By Barb Ward from an excerpt by Laurie Cure, PhD

This time of year, there is always a lot of talk around setting your New Year’s Resolutions. Maybe you want to go after that promotion you’ve been eyeing, save money, work out regularly, eat healthier. Whatever the resolution, the internal motivation, and the goal behind it are what is ultimately the most important. New Year’s Day is really just an arbitrary day to decide to start something new—you may feel pressure to state an ambitious resolution for the sake of having one rather than diligently thinking through how the goal will truly benefit you or devising a plan for measuring or sustaining your progress. Perhaps that is why more than 50% of the time these resolutions are abandoned within the first several months of the year.

Perhaps this year, you can intentionally do things differently and achieve different results, because the truth is, establishing goals is an important way to provide focus for our efforts and it drives achievement towards them.
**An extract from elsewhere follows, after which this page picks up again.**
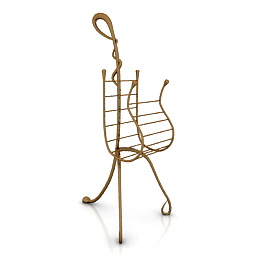 "Racks" - Interior Collection preview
It allows us to align our energy with the things that are most important to us.

Imagine for a moment you are planning for a trip. At one time, you would have used physical MAPS to guide you on your journey. Nowadays, your method would likely be more automated, but the concept is the same. So, bear with me.

When you use MAPS to guide your journey, you have a destination and route in mind. That destination is often driven from a place of desire. You want (or need) to go there for some reason that is important to you. It’s important to know, before you embark on your journey that you have effective transportation, financial resources, and the appropriate reservations. Next, you pack the right supplies and are confident in your ability to make the journey. That means, making sure you know the plan for the journey, while also understanding that often plans need to be fluid and changing and you must allow the flexibility to adjust as needed. For example, if the journey is hiking to the top of a peak, you will need to equip yourself with the right skills and experience to successfully complete the trek. And finally, you will set specific, realistic expectations and timelines for how long the journey will take.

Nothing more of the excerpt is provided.